Fourier Transform Infrared analysis (FTIR) is a type of infrared analysis that is frequently used in used oil analysis. It can detect diesel fuel, soot, antifreeze, and more specific to fixed equipment, moisture, and oxidation levels. Moisture is usually reported as a percent by weight and assists in controlling water accumulation in components subjected to high ambient humidity or other sources of moisture entry. Oxidation is reported as an absorbance value and is an indicator of excessive operating temperatures or overextended drain intervals. Equipment manufacturers have specific condemning limits for each of these test criteria.

In order to be effective, IR instrumentation must have an unused reference sample of the oil being tested, so it is imperative that each customer provides unused samples of each of the lubricants being used in their equipment. Each instrument develops a library of reference samples, so that the correct reference can be selected for each sample. Analysis results then will consist of a direct comparison of chemical characteristics between the reference sample and the used oil sample.

Sampling methodology

Frequency of used oil analysis is usually determined by one of three criteria, or a combination of them:

• The equipment manufacturers’ recommended service interval;

• Ambient conditions; and

• Results of previous analysis results.

When changing oil at the OEM’s recommended service interval, it is a good idea to take an oil sample for analysis at that time. The oil change intervals should be as close to the same as possible, so that meaningful historical trending will be developed. Most used oil analysis laboratories provide wear-metal commenting based on trending — when there are enough uncontaminated samples in the database. However, trending is not as effective a tool when drain intervals are not consistent and testing laboratories are only providing a raw number for wear metals, rather than a wear rate.

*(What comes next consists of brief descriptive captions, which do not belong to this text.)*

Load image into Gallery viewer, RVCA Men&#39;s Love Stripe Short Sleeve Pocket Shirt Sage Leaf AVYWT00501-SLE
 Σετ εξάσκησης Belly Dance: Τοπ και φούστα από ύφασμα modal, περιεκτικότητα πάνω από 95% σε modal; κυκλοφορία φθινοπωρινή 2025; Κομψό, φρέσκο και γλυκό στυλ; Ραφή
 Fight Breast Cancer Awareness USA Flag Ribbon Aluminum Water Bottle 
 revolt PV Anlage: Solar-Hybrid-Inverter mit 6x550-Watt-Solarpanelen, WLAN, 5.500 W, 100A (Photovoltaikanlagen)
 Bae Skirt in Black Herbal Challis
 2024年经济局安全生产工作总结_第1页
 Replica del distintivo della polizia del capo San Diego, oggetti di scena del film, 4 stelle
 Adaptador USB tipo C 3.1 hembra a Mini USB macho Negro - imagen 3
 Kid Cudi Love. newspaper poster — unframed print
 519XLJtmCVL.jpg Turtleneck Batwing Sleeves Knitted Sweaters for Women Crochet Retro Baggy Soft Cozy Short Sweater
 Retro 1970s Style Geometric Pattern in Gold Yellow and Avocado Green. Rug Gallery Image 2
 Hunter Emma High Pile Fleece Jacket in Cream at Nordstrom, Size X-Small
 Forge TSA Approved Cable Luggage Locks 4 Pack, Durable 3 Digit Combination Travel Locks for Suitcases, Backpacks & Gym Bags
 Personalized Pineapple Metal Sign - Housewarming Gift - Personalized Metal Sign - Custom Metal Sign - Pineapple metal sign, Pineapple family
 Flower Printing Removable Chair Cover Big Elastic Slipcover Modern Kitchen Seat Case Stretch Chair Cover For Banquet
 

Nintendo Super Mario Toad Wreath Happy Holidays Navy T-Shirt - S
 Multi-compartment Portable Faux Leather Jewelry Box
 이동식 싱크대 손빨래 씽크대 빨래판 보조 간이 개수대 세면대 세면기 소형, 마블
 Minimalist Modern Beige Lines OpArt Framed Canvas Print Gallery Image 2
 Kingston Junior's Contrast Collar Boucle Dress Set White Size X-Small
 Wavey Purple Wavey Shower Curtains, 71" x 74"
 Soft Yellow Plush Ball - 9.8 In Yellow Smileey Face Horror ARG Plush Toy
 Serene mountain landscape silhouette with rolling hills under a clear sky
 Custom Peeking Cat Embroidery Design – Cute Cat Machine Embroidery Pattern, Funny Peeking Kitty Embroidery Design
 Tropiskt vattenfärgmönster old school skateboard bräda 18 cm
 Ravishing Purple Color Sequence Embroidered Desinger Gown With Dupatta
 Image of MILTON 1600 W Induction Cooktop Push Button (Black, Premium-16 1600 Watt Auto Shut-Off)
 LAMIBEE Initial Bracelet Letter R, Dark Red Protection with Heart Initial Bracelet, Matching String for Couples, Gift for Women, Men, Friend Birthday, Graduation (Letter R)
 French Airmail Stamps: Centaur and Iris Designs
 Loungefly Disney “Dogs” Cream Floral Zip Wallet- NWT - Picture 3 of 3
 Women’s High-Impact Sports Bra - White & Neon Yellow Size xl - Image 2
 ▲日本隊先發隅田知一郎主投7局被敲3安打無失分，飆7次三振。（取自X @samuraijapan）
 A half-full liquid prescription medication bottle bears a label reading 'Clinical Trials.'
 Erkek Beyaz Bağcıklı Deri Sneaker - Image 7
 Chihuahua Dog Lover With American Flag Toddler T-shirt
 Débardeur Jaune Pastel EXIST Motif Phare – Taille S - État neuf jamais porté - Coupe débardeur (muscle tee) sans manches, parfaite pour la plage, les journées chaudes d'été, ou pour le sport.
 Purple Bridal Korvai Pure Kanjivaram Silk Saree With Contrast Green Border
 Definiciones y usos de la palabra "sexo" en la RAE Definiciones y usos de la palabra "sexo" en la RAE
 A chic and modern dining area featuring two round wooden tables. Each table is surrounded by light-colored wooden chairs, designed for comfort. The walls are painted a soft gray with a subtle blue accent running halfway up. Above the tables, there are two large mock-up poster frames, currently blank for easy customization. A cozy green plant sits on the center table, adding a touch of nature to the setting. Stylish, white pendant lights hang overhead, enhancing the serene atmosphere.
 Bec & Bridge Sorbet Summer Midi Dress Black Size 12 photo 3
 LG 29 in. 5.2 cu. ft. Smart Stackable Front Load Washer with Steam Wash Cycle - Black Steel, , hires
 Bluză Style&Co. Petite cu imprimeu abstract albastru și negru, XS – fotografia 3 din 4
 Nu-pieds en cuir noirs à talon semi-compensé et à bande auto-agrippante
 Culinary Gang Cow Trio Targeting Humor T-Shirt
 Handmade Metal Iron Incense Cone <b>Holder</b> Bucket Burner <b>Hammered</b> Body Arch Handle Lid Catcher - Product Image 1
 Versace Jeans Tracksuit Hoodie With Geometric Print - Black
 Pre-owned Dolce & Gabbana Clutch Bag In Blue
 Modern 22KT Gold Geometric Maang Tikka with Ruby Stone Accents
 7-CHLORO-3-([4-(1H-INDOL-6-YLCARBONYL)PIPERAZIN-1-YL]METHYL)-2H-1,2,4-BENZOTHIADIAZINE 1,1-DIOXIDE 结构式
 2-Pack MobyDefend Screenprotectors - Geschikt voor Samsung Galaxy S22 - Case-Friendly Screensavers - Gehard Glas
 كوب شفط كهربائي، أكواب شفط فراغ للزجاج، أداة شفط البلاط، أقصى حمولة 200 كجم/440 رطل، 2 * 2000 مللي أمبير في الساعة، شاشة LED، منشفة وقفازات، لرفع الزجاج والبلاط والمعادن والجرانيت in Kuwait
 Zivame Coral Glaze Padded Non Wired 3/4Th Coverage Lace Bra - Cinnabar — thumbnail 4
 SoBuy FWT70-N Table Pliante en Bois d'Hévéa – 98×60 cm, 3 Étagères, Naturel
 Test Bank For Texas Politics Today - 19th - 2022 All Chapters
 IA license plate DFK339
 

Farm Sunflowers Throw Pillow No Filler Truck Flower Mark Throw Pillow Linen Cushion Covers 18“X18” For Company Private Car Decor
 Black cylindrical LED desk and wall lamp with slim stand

Wear rates can be easily calculated in those instances (see Figure 3).

Ambient conditions, such as airborne dust, high humidity, or high/low temperatures, may dictate more frequent sampling, or even reduced drain intervals. Mid-drain samples to monitor on-going conditions such as wear and contaminants will contribute to optimum component life. Wear metal levels from mid-drain samples should not be considered when trending, unless the wear rate calculation method is used.

In addition, mid-drain sampling is beneficial after rebuilds, repairs, or after contaminants or high wear have been identified in a previous sample. Consistent monitoring will determine when the component is ready to return to routine operation.

As important as submitting used oil samples to a qualified laboratory is the method and consistency of obtaining the sample. Samples may be obtained by several methods, including the following:

• Through the drain opening at the time of oil change;

• Through the fill plug if not changing the oil, by use of a sampling pump; or

• By use of an inline quick-connect fitting.

With all of these methods, be sure that the area around the sample opening, whether drain, fill, or quick connect, is clean and dry, and that the oil is as close to normal operating temperature as possible. The method used should be the same each time, if possible.

If the sample is taken from the drain plug at an oil change, allow approximately 1/3 of the oil to drain out, and then catch the sample in a clean, dry sample container. If the sample is taken through the fill plug, insert the pickup tube on the sampling pump about half way into the depth of the oil and fill the clean, dry sample container. If using quick-connect fitting, insert the needle into the valve to fill the container.